Mrs Elizabeth Crawford
Mrs Elizabeth Crawford

Mrs Elizabeth Crawford aged 78 lives in Torquay with her husband who is in his 80s and has Parkinson’s. Recently after a fall, Mrs Crawford’s GP arranged for her to have an x-ray at Torbay Hospital, where it was confirmed her foot was fractured. She was given a special boot to wear and was admitted overnight. To ensure her husband would be all right, Mrs Crawford agreed for the Rapid Response team – who provide temporary personal care and support such as help with washing, dressing, shopping and preparing meals – to visit her husband the next morning. When Mrs Crawford returned home, she managed over the weekend but on the Monday, she was struggling so she telephoned her GP who then referred her to the Intermediate Care team. Early the next morning Laura Boak, Occupational Therapist arrived at Mrs Crawford’s home to assess how she could help her, including deciding on what equipment could be provided to ensure Mrs Crawford’s safety and independence. Laura says:

“Mrs Crawford not only has a broken foot, but she is also managing other medical conditions, and on top of that, she is caring for her husband who is in his 80s and has Parkinson’s. My assessment showed Mrs Crawford was struggling with mobility and transfers – such as getting up and down from a chair, or in and out of bed – so I provided her with some equipment to make transfers easier and safer. I also noticed that Mr and Mrs Crawford are unable to leave their property due to the step access, so I’m helping them to try and get more equipment – a ramp – which they can trial and hopefully, they will then be able to safely get outside, out into their community.”

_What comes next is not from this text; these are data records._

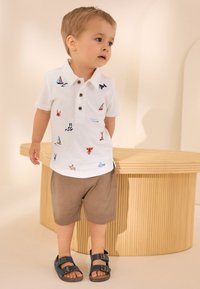 Weißes Poloshirt mit mehrfarbiger, nautischer Stickerei, braune Shorts und blaue Sandalen mit Schnallen, neben einem Holztisch stehend.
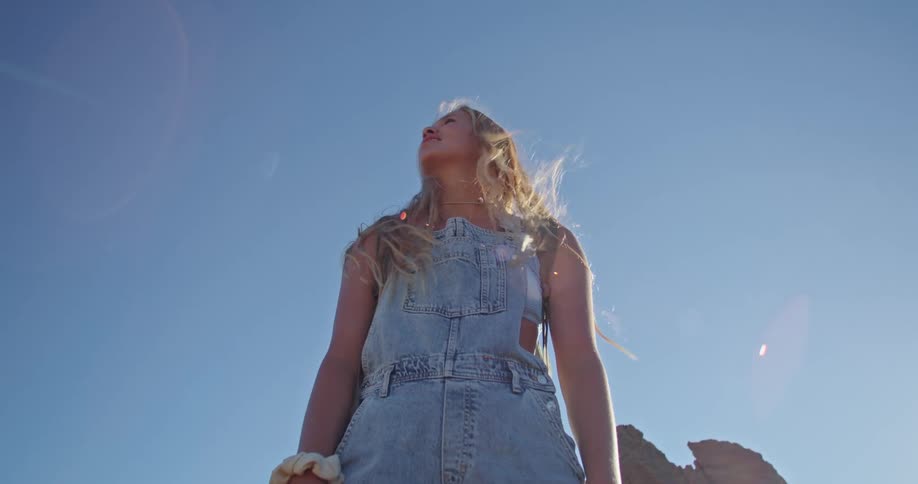 A girl is standing outside with a mountain peak as a backdrop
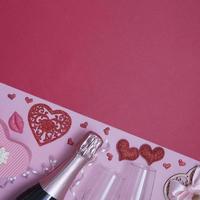 Top view hearts, glasses, champagne, flowers on a pink-red background with copy space valentines day date or party concept photo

“The central ethos of Occupational Therapy is the holistic treatment of the whole person. Working in the community enables our team to treat people in their own home environment focusing on what is important to them, setting realistic goals and supporting them to work towards achieving those goals. I am so pleased that we are able to address the difficulties that Mrs Crawford and also her husband have been having with getting outside to access their community, as this is an important goal for her and her husband to achieve.”

Physiotherapist Carla Tucker who also visited Mrs Crawford says: “I find my job immensely satisfying – it is always a privilege to be allowed into someone’s home, and hopefully make a difference at times of crisis. Sometimes it’s the simplest of equipment or advice that makes the greatest difference. With Mrs Crawford I have prescribed exercises to help her stay mobile.”

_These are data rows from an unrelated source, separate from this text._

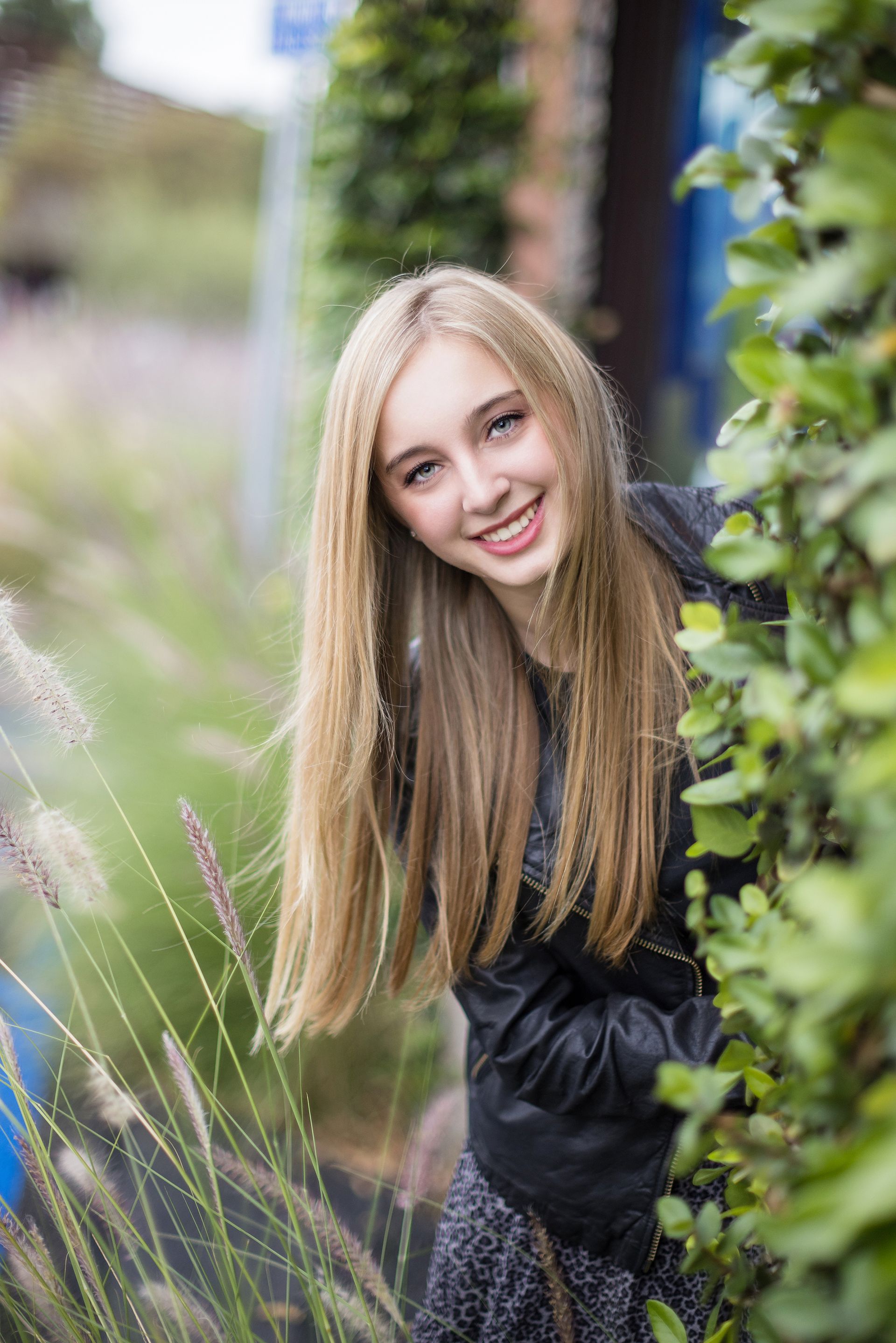 A blonde high school senior girl smiles brightly while leaning through greenery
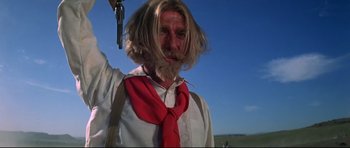 Movie still from “Little Big Man” (1970), directed by Arthur Penn – A man with long hair and a red neck tie holding a gun; Medium shot, Low angle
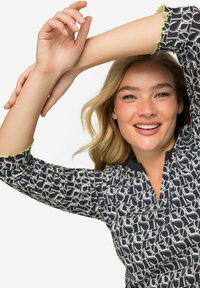 Blusa navy con un motivo geometrico in crema, presenta un collo a V e polsini verdi lime con bordi ondulati, realizzata in un tessuto leggero.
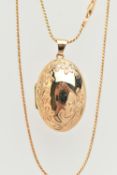 A 9CT GOLD OVAL LOCKET WITH CHAIN, floral pattern to the front, hinged locket opens to reveal two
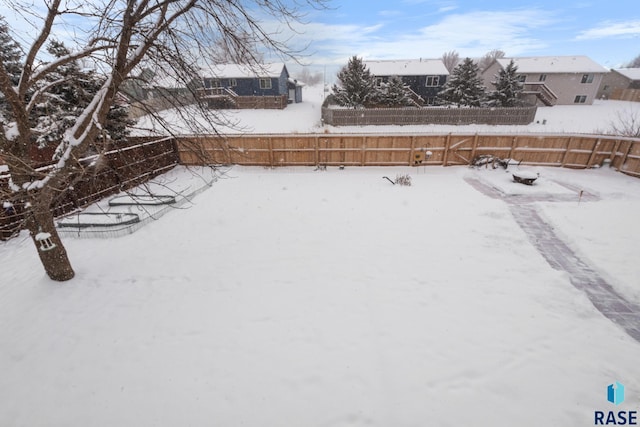 view of snowy yard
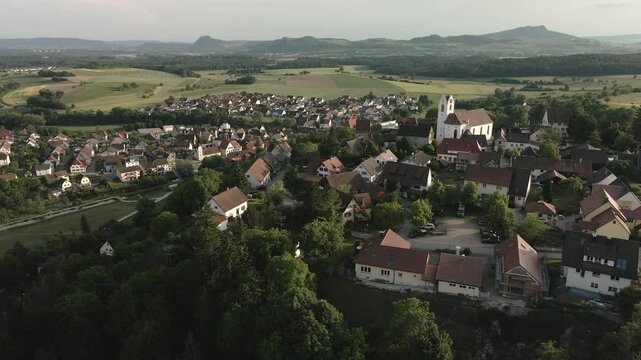 Drone footage orbits leftwards around Aach village from a fresh angle, offering a unique view of the church tower, old town, and surrounding landscape.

“As we are able to see our patients as frequently as we feel is necessary, we build up a great rapport with them, so they trust in us to help them work towards the goals we set with them. “

“It’s been really marvellous,” says Mrs Crawford. “They came round in the morning and the equipment was with me a few hours later in the afternoon. You can’t ask for better than that, can you?”

Su Skelly is the Operational Manager for Intermediate Care:

“Thanks to the swift intervention from our Intermediate Care services, many people avoid being admitted to hospital, which is usually a big relief both for them and their families. People like Mrs Graham and Mrs Crawford who have had falls can receive exactly what they need to help regain their mobility and independence in the comfort and familiarity of their own home, without being exposed to the risks that we know exist once they are admitted to hospital as an inpatient. And as we all know – there’s no bed like your own bed!”